In a 2010 report by McKinsey & Company on the Internet of Things[13], six broad applications are identified:
- Tracking behavior. When products are embedded with sensors, companies can track the movements of these products and even monitor interactions with them. Business models can be fine-tuned to take advantage of this behavioral data. Some insurance companies, for example, are offering to install location sensors in customers’ cars. That allows these companies to base the price of policies on how a car is driven as well as where it travels.
- Enhanced situational awareness. Data from large numbers of sensors deployed, for example, in infrastructure (such as roads and buildings), or to report on environmental conditions (including soil moisture, ocean currents, or weather), can give decision makers a heightened awareness of real-time events, particularly when the sensors are used with advanced display or visualization technologies. Security personnel, for instance, can use sensor networks that combine video, audio, and vibration detectors to spot unauthorized individuals who enter restricted areas.
- Sensor-driven decision analysis. The Internet of Things also can support longer-range, more complex human planning and decision making. The technology requirements – tremendous storage and computing resources linked with advanced software systems that generate a variety of graphical displays for analyzing data – rise accordingly.

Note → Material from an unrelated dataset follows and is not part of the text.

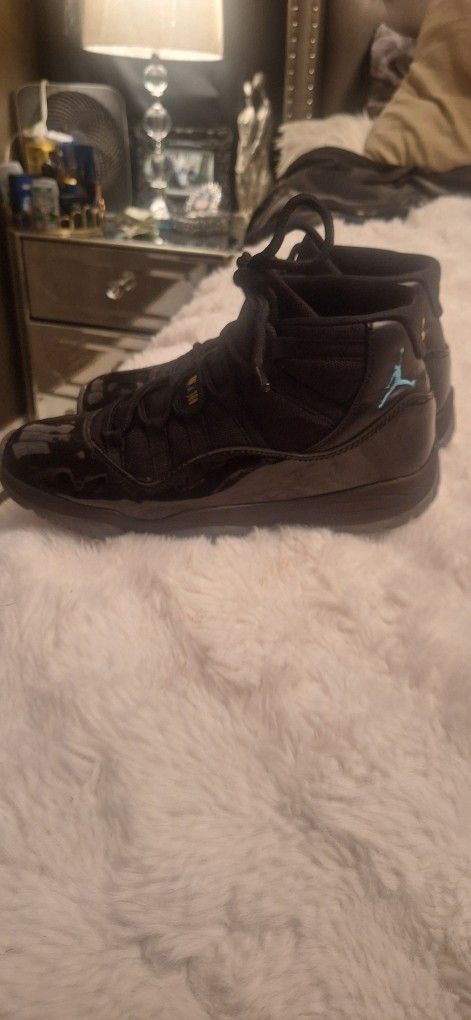 Air jordan 11 ratio Gamma Blue And no these are not knock off size nine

- Process optimization. Some industries, such as chemical production, are installing legions of sensors to bring much greater granularity to monitoring. These sensors feed data to computers, which in turn analyze the data and then send signals to actuators that adjust processes – for example, by modifying ingredient mixtures, temperatures, or pressures.
- Optimized resource consumption. Networked sensors and automated feedback mechanisms can change usage patterns for scarce resources, such as energy and water. This can be accomplished by dynamically changing the price of these goods to increase or reduce demand.
- Complex autonomous systems. The most demanding use of the Internet of Things involves the rapid, real-time sensing of unpredictable conditions and instantaneous responses guided by automated systems. This kind of machine decision-making mimics human reactions, though at vastly enhanced performance levels. The automobile industry, for instance, is stepping up the development of systems that can detect imminent collisions and take evasive action.